Quando olhei de novo para o sítio onde o rapaz se encontrava ainda há pouco, pois, parece-me que o estou a ver, que estou a ver a sua silhueta não identificada, constatei que tinha desaparecido. Ainda hoje, desconheço essa figura que me alvejara e por pouco não havia terminado com a minha existência. Eu, que não fazia mal nem a uma mosca e que tentava sempre agir com sobriedade e bom senso, a muito custo diga-se em verdade, numa atitude esforçada para o conseguir! Arranjei sangue frio, não sei como, para rastejar até casa.

Quando a minha mãe se apercebeu do meu mal, entrou em pânico. Não pediu explicações e não fez nada, aterrada que se encontrava. Pensou baixo: - Tudo acontece a este rapaz! Um tiro, não lembraria a ninguém! Um tiro, parece de loucos! Que irá ser no futuro este homenzinho!

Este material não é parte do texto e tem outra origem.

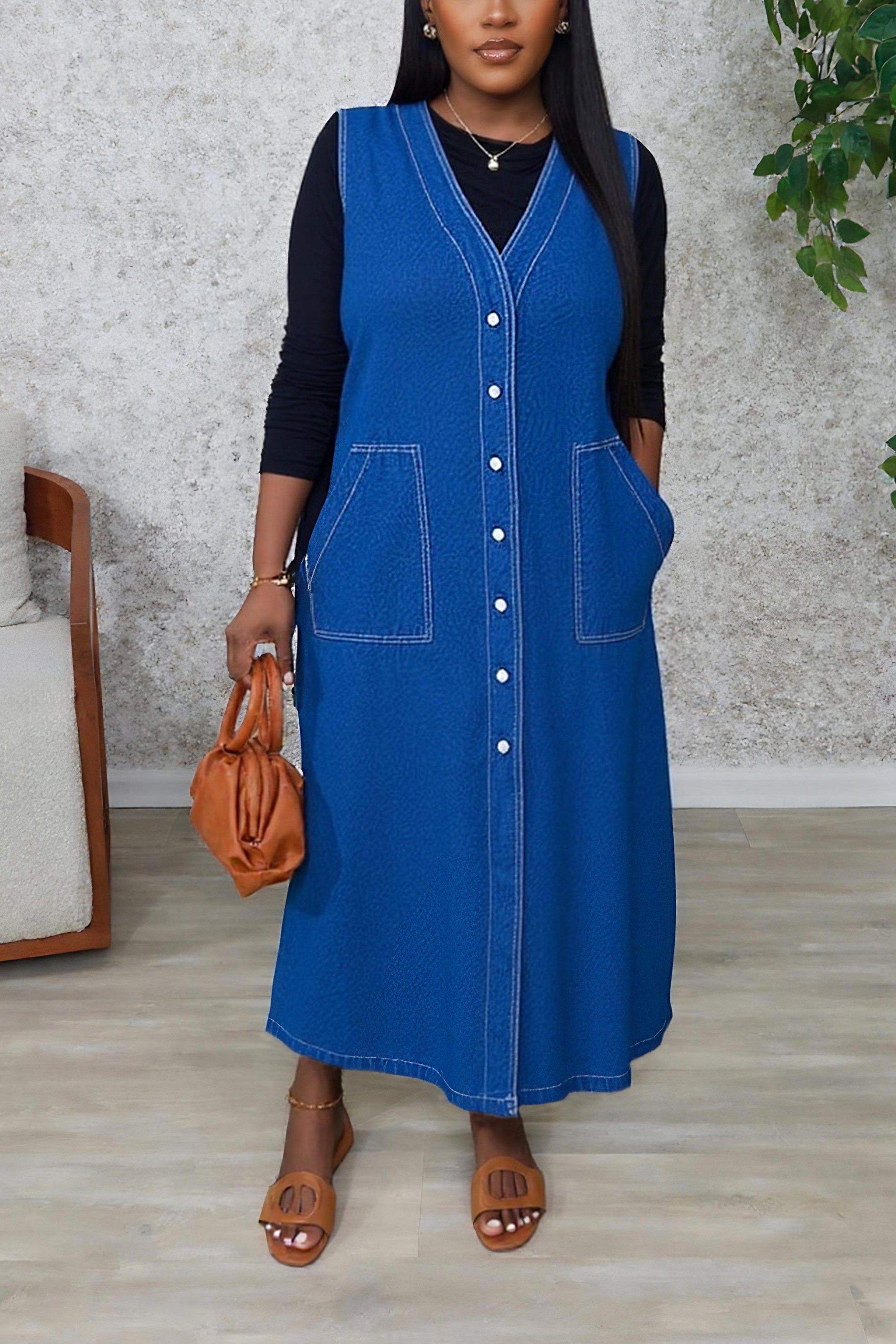 Casual Loose Fit Single Breasted Denim Dress*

Aconchegada na sua inação e nos seus pensamentos esperou pelo meu pai e pela serenidade que este demonstrava sempre que me acontecia alguma coisa. Lá pensaria para ele que éramos jovens traquinas, em idade para o sermos. O meu pai compreendia as nossas diabruras e, quando chegou, não se preocupou com o acontecido para nossa surpresa. Um tiro é um tiro! Mas ele reagiu bem e levou-me, imbuído da maior calma, à casa de Saúde, mesmo ao pé de nossa casa.


O médico que estava de serviço examinou-me, cuidadosamente. De pronto fez o diagnóstico. Levaria uma injeção anti tétano como precaução e a bala conservar-se-ia no seu lugar. Diagnosticou mais, que não seria operado e que o projétil acabaria por se desfazer no meu joelho com o passar do tempo. Suspirei de alívio e o meu pai penso que também, embora não o demonstrasse.


No dia seguinte, levei a injeção recomendada, das mais dolorosas que até agora me foram administradas e, fiquei pronto para continuar a assustar os meus pais, com o meu permanente comportamento irreverente, próprio da infância turbulenta que eu vivia e que fazia questão de se instalar em mim sem hesitação ou dúvida porque eu era assim. Nascera já assim!

Não havia solução para o meu caso, nem remédios que me curassem!
Por coincidência ou ironia do destino, mais tarde sopraram-me ao ouvido que o meu médico salvador era, nem mais nem menos, que o pai do atirador. O atirador furtivo desta cidade, agindo em plena cidade, nunca o vi, mas vozes afirmaram que se tratava de um adolescente e, um adolescente enfrenta o perigo, enfrenta situações inesperadas, vive problemas de identificação com alguém ou consigo próprio, em resumo: faz asneiras e comete erros! Eu compreendia os erros dos outros que eram os meus erros. Nunca lhe levei a mal o seu ato.

Compreendi-o! Respeitei-o porque se calhar não morri ou não fiquei atrofiado de algum mal.
Por outro lado, que contas prestaria à sociedade aquele progenitor, ilustre figura da cidade de Vila Real, pelo ato violento, grave e impensado do seu filho e educando? E a sua educação estaria a ser correta?

Um sem número de questões se levantaria por certo, que serviriam somente para o atormentar e desacreditar. E isso, eu não desejava a ninguém! Eu era dotado de escrúpulos morais suficientes para entender o que um escândalo deste género poderia desencadear. Nunca soube se este segredo, dito em surdina, correspondia à verdade, mas também não fiz nada para o clarear ou desvendar.


Não sei se agora, tão distante daquele momento, para mim inquietante e insólito, o chumbo ainda se encontra instalado abaixo do meu joelho, mas permanece a lembrança desta situação que sinto vivida por mim e pela sua controversa expressão de incredulidade, acontecida naquele instante, na plena cidade de Vila Real e que não se dissipou da minha memória.

Até um tiro levei! É o que eu designo como uma infância verdadeiramente atribulada de que não tinha culpa! Nenhuma culpa, apesar de só fazer asneiras que o meu adorável pai compreendia e resolvia de imediato, com uma calma ímpar e sempre sorrindo de uma forma cúmplice, sincera e amiga! Nunca entendi o porquê, mas também nunca pensei nisso. O seu sorriso salvador e bem-disposto bastava para eu o adorar! E adorar mesmo! Como reagiria um pai, vendo um filho atingido por um tiro? Desculpem, mas só o meu pai! O meu terno e adorável pai!